[PROBLEM REQUIREMENTS]: Your task is to return, word for word, only the lines from the line with "18014430-Ferienhaus-2-Oldebroek-300x225-2" through the close of the data. Exclude all pictures.

Image-text web data

Content starts

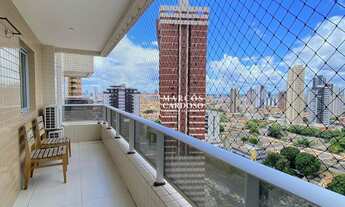 Imagem 3: Ed. Real Dom Pedro - Umarizal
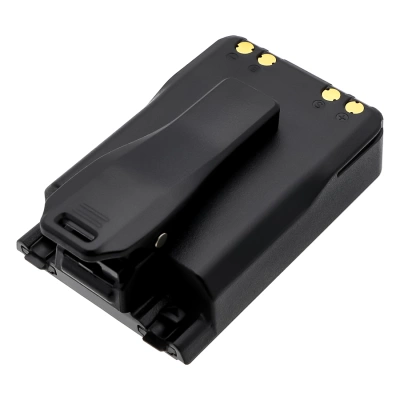 Аккумулятор Icom, IC-31A, IC-31E, IC-51A, 3300 мАч, CS фото 5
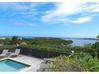 Photo for the classified Orient Bay: Villa with wonderful. Saint Martin #10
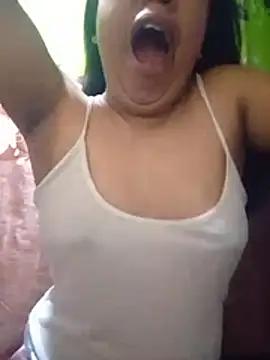 HotPussyPinay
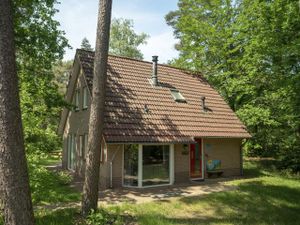 18014430-Ferienhaus-2-Oldebroek-300x225-2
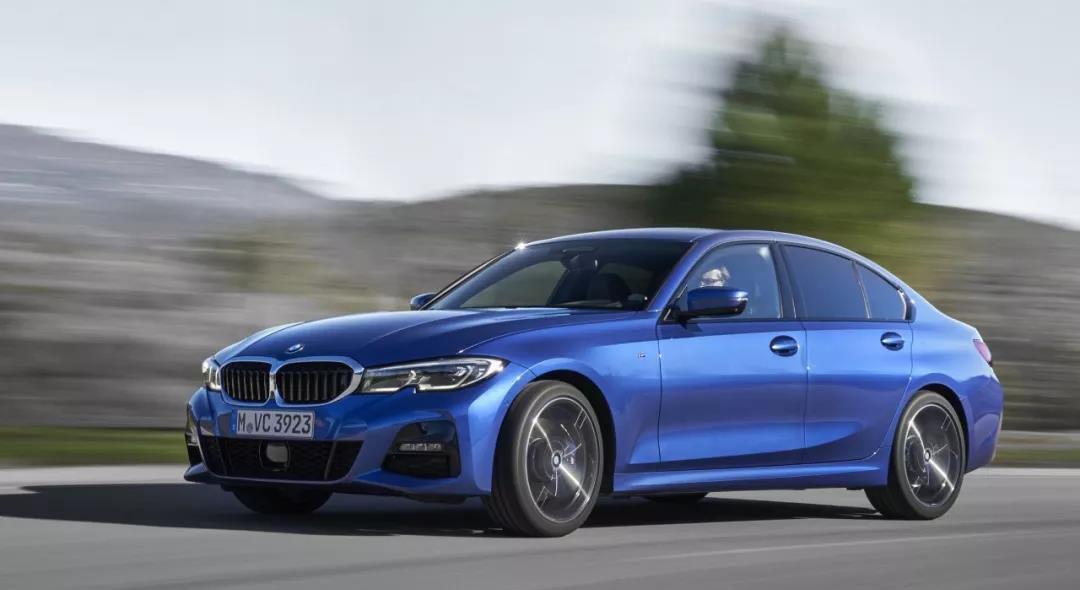 寶馬最新轎跑，購買與使用指南全解析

Content ends

[FINAL ANSWER]:
 18014430-Ferienhaus-2-Oldebroek-300x225-2
 寶馬最新轎跑，購買與使用指南全解析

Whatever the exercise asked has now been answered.